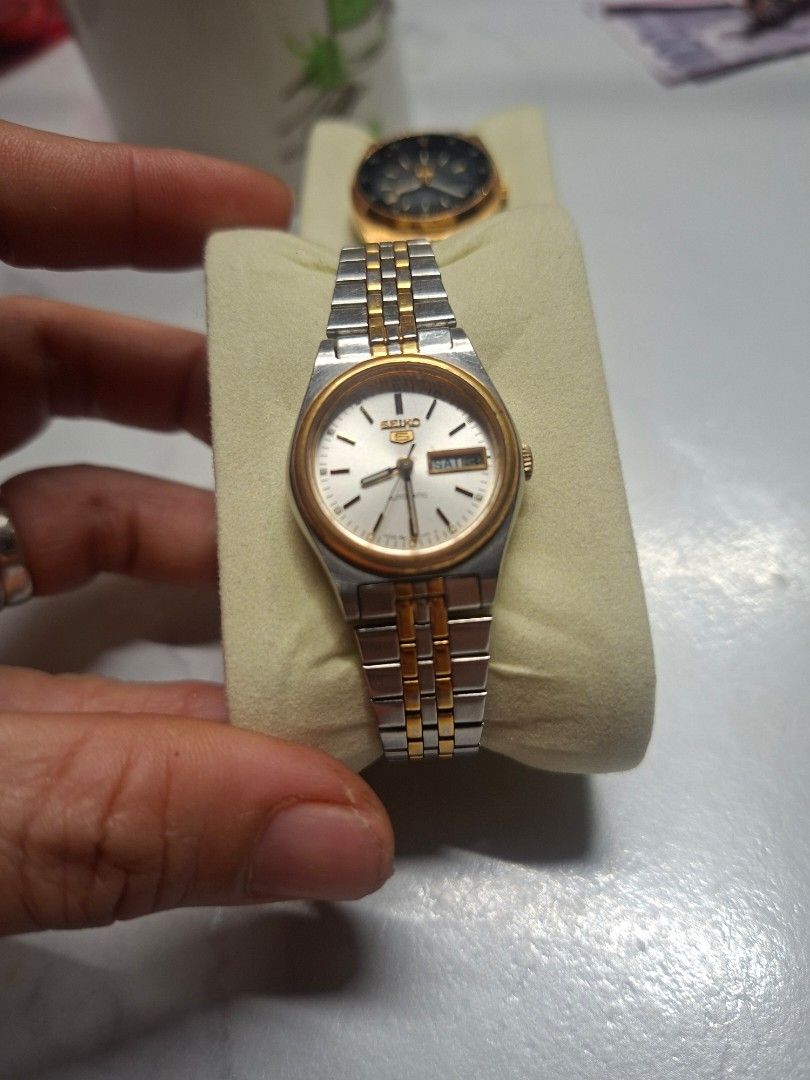 Seiko 5 Automatic Watch Two-Tone and Gold Pair (Category: Men's Watches) located in Manila. Submitted by jhennapollo_11 (Listing ID 1465720065, Image 2). Description: - Bundle of 2 classic vintage Seiko 5 automatic watches - Watch 1: Two-tone steel and gold bracelet, silver dial, and gold bezel - Watch 2: Gold-tone case and bracelet with black inner dial and 24-hour markers - Both feature convenient day-date display at the 3 o'clock position - Po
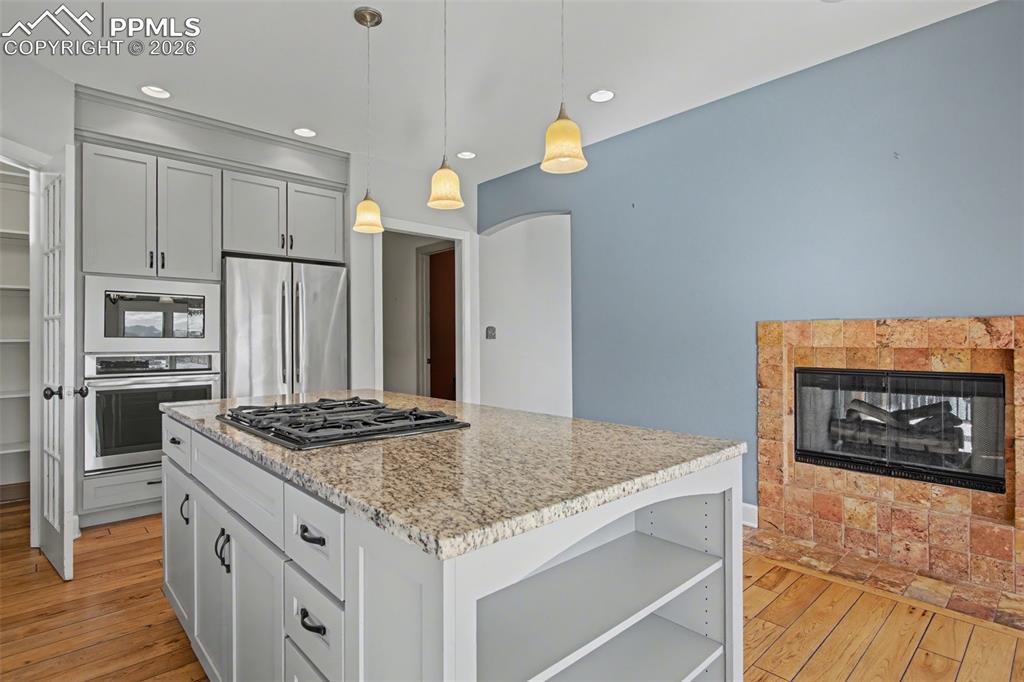 Kitchen with view of pantry and stainless steel appliances. 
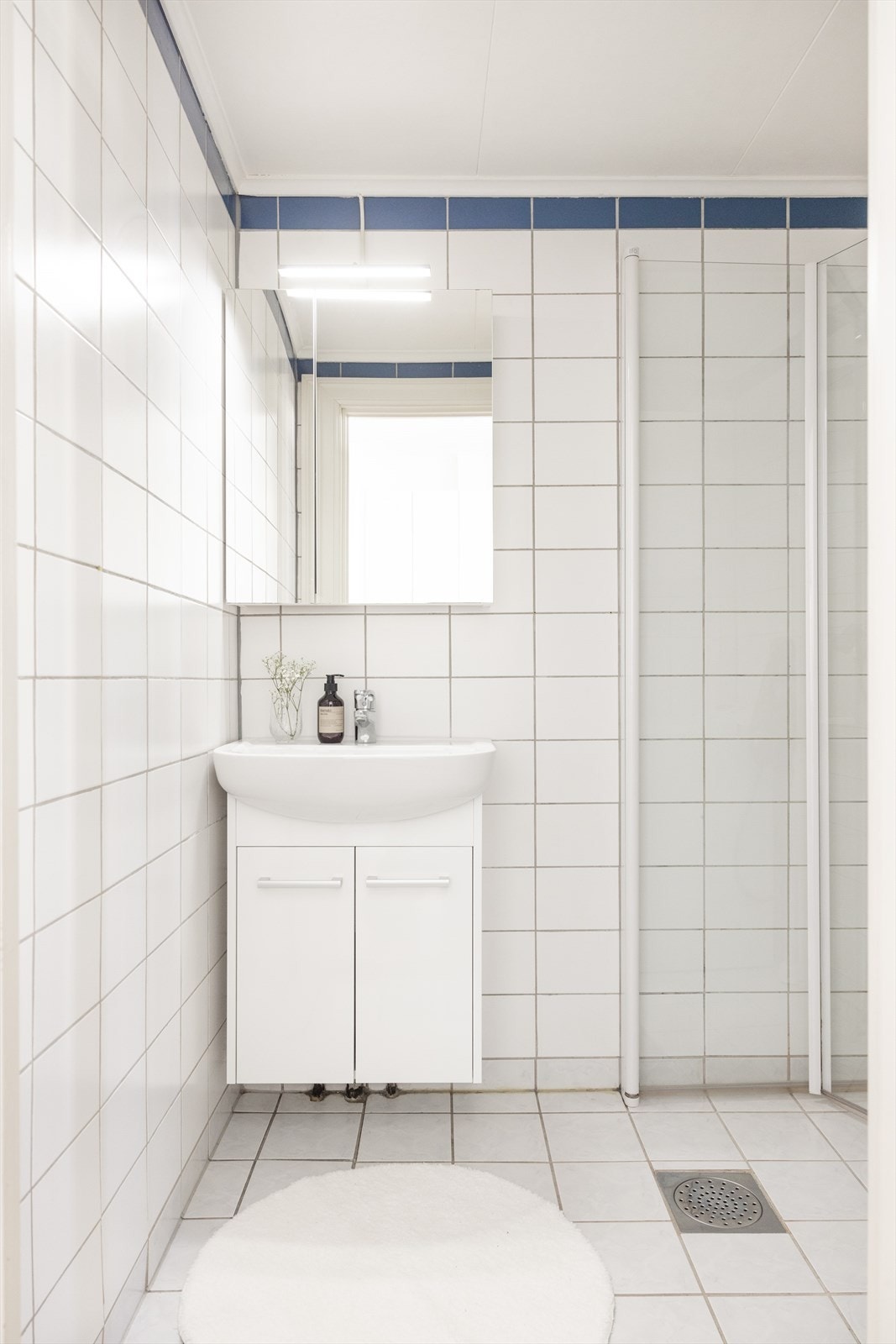 Flislagt bad med servant, speilskap, dusj og opplegg til vaskemaskin. Galleribilde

====

GOAL OF THE EXERCISE:
Exact copies of the lines from the one containing "Kitchen with view" through the final line of the data are required; pictures are to be omitted.

RESULT FOR THIS TASK:
 Kitchen with view of pantry and stainless steel appliances. 
 Flislagt bad med servant, speilskap, dusj og opplegg til vaskemaskin. Galleribilde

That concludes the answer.